#### Recorded data

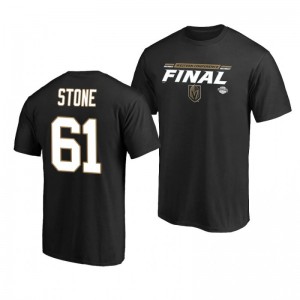2020 Stanley Cup Playoffs Golden Knights Mark Stone Black Western Conference Final Bound Overdrive T-Shirt - Sale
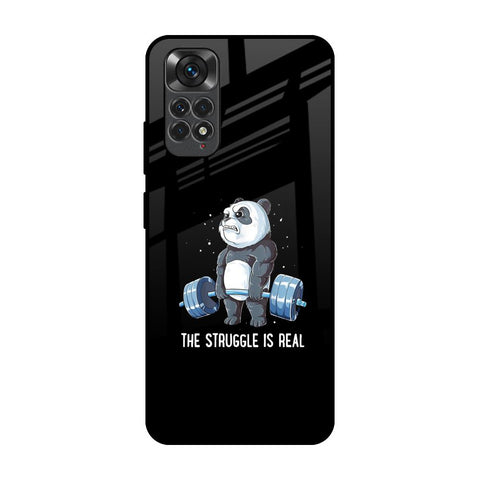 Real Struggle Redmi Note 11 Glass Back Cover Online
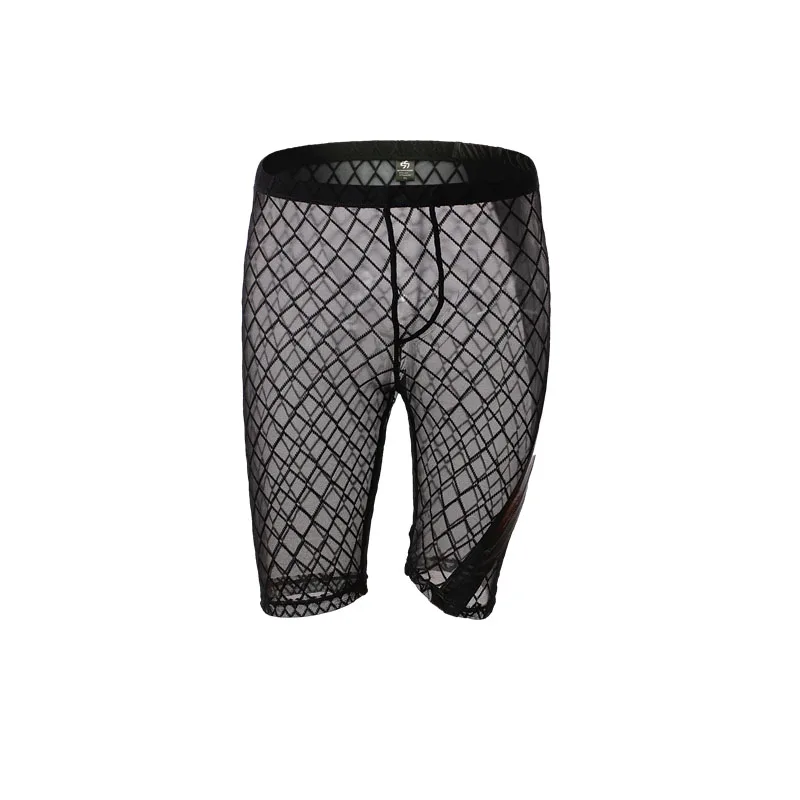 Sexy Breathable Boxers  Boxershorts Men Transparent Mesh Pants Men Sexy Wear Low Waist Boxers Mens UnderPants Male Boxers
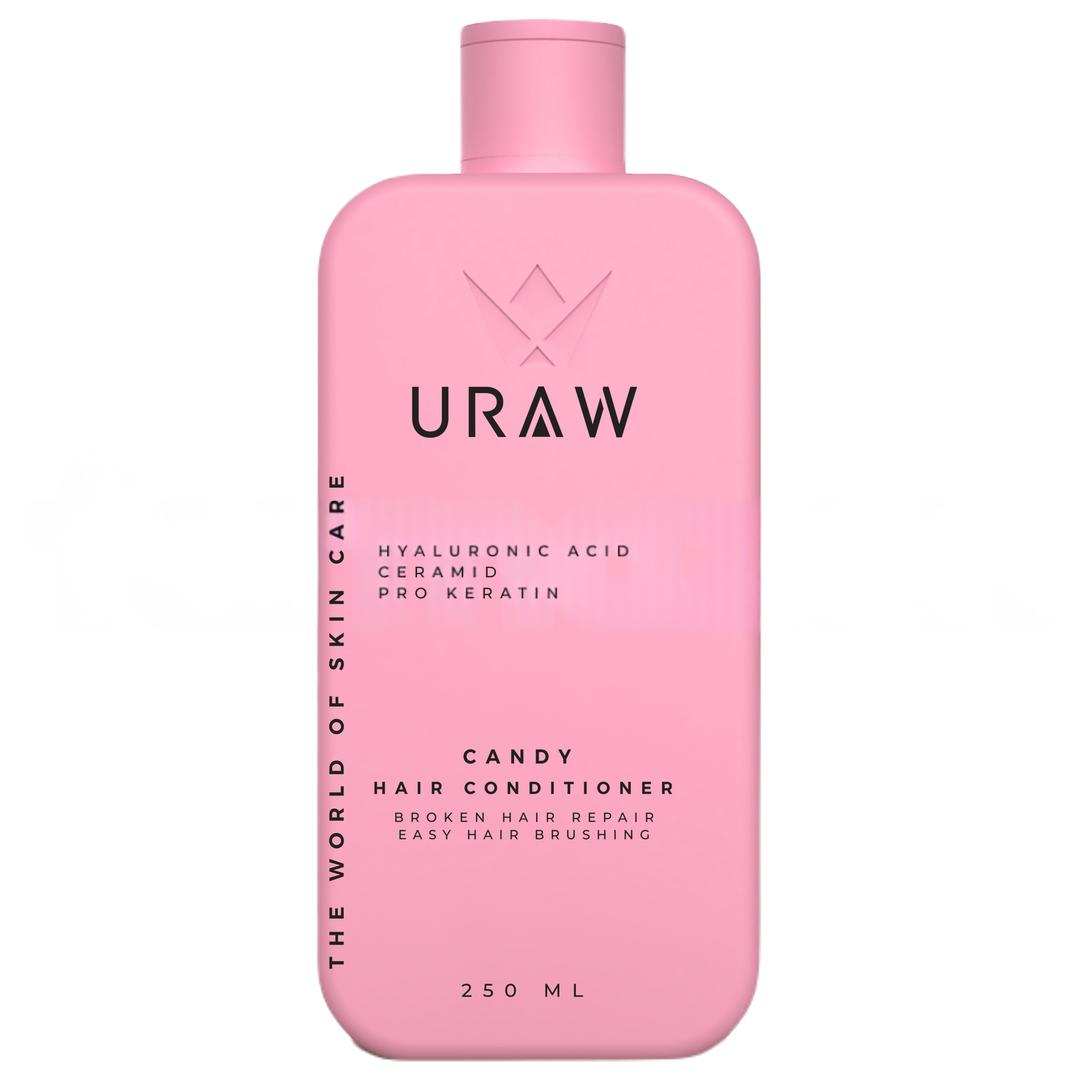Uraw Candy Hair Conditioner Doğal Besleyici Koruyucu ve Nemlendirici Saç Bakım Kremi 250 ml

#### Task to carry out
Copy out the lines above unchanged. Skip the images.

#### Completed task
2020 Stanley Cup Playoffs Golden Knights Mark Stone Black Western Conference Final Bound Overdrive T-Shirt - Sale
 Real Struggle Redmi Note 11 Glass Back Cover Online
 Sexy Breathable Boxers  Boxershorts Men Transparent Mesh Pants Men Sexy Wear Low Waist Boxers Mens UnderPants Male Boxers
Uraw Candy Hair Conditioner Doğal Besleyici Koruyucu ve Nemlendirici Saç Bakım Kremi 250 ml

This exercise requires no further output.